You can easily work with some of Snowflake test data like their weather sample, you can also use your very own data as it’s really easy to import data, but in this case, I’ll be using TPC-H data.
You will need access to your Azure portal and the CLI, I won’t be showing infrastructure-as-code, this should be a requirement for you to go production, haha as you should never be creating clusters in production through wizards or even the CLI.

Azure

Snowflake runs on GCP, AWS, and Azure. We’ll be using Azure for this tutorial. Side note, from my experience, each of these cloud providers are great.
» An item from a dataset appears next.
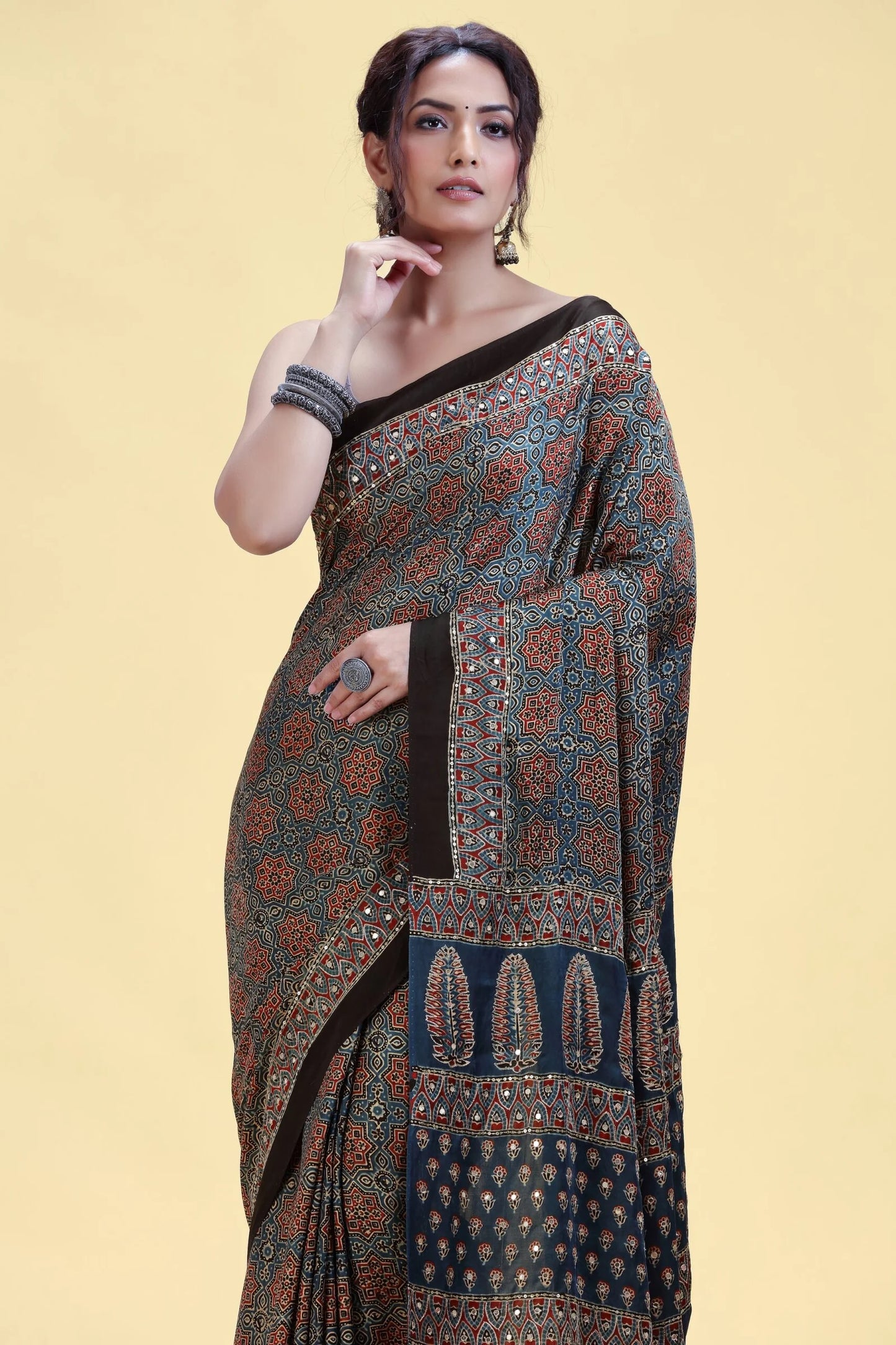 Deep Blue Satin Silk Saree with Unstitched Blouse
Azure is a little easier to get set-up than AWS and GCP. That’s not to say I wouldn’t use GCP or AWS because I’m a little bit of a fan-boy for one of them, so I sure will continue to do implement client Snowflake installations in those too, but wanted to give credit where it’s due, nice work Azure.

We’ll be using HDInsight. Azure HDInsight is a managed, full-spectrum, open-source analytics service in the cloud for enterprises. You can use open-source frameworks such as Hadoop, Apache Spark, Apache Hive, LLAP, Apache Kafka, Apache Storm, R, and more.

Snowflake

Snowflake has gained tremendous traction in the last few years, I’m seeing over 55% of our clients are now running Snowflake. This doesn’t mean that they have moved their entire data warehouse over to it, but they have bought credits, and are dipping their toes into the water, by using it on enterprise data warehouse, or to move their sql-ready analytical applications from other less scalable relational databases to Snowflake.
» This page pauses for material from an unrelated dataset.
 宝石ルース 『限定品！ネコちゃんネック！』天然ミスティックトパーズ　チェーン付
There are a few advantages of Snowflake, and these are from my experience: first it’s serverless so you only get charged for your query, second it’s multi-cloud so it decouples 🔌 your data warehouse from AWS/GCP/Azure, third it requires less DBA overhead than traditional data warehouses, fourth the data is micro-partitioned and stored in S3/GCS/BLOB, and fifth theres integration with PySpark with the ability to push down queries into the database.

PySpark

Apache Spark is a parallel processing framework that supports in-memory processing to boost the performance of big-data analytic applications. Apache Spark in Azure HDInsight is the Microsoft implementation of Apache Spark in the cloud. HDInsight makes it easier to create and configure a Spark cluster in Azure. Spark clusters in HDInsight are compatible with Azure Storage and Azure Data Lake Storage. So you can use HDInsight Spark clusters to process your data stored in Azure.
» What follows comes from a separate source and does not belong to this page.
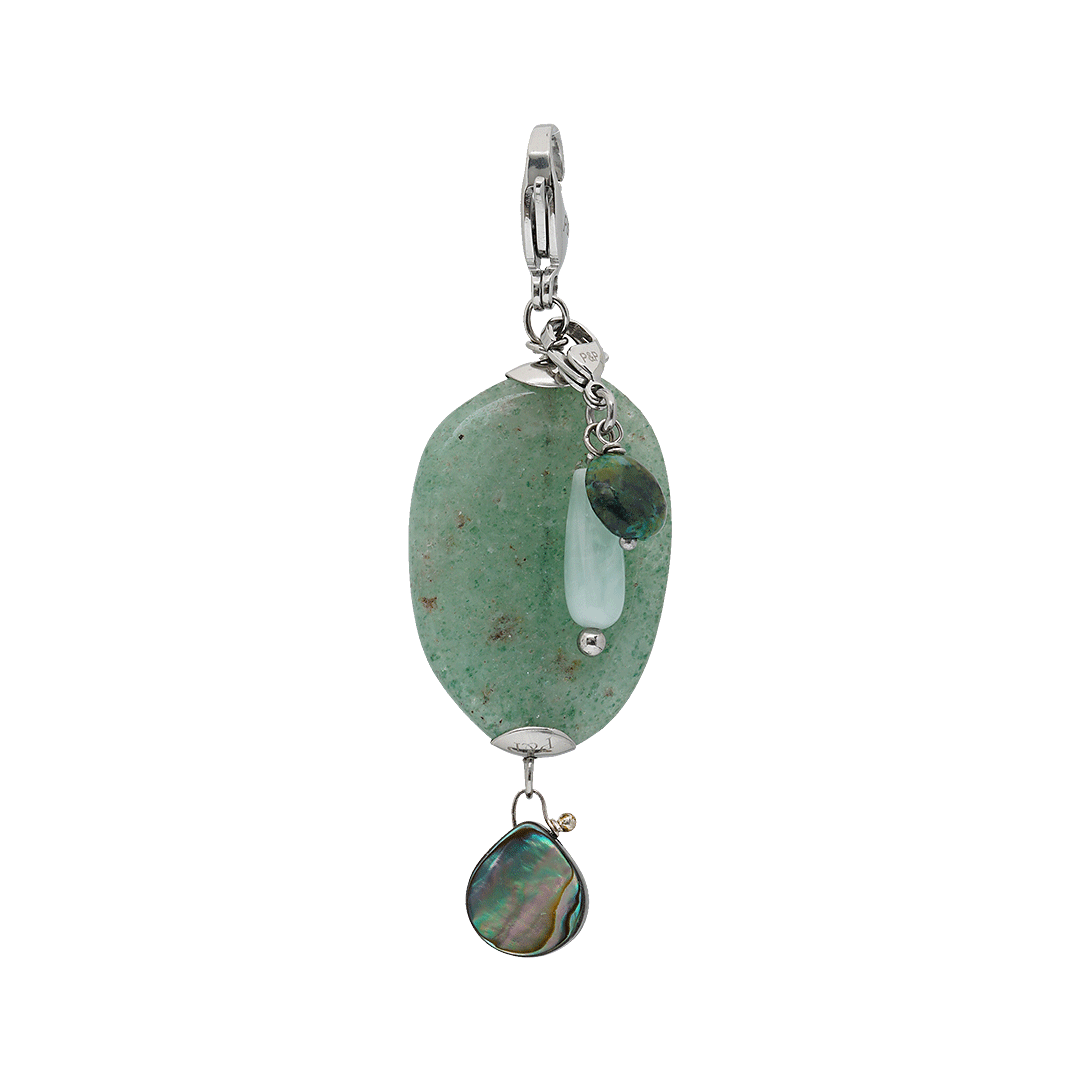 edelsteen bedel aventurijn groen zilver van pimpsandpearls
One of the key integrations, IMHO, is integration with PySpark, and in particular the pushdown (good article here too), because we need balance where sometimes it’s best to have the database handle certain operations like simple aggregations vs. having PySpark/Python handle more complex transformations like time series resampling and especially for machine learning and artificial intelligence, anyways, in this article I will take you through a few simple steps to get this all going, and feel free to comment if there is anything that you’d like to dig into further.

Jupyter

Jupyter Notebook is a very popular exploration and analytical decision making tool, used by Data Scientists and Hackers like me, it enables you to edit, run and share Python code as a “notebook”. It’s 100% browser-based, it allows you to step by step create a process that will shape the data how you need it for analysis, exploration, and reporting. There are cool libraries out there like papermill from Netflix, that enables data pipelines to consume the data outputted from a notebook, take a look at that, but it’s not part of this article.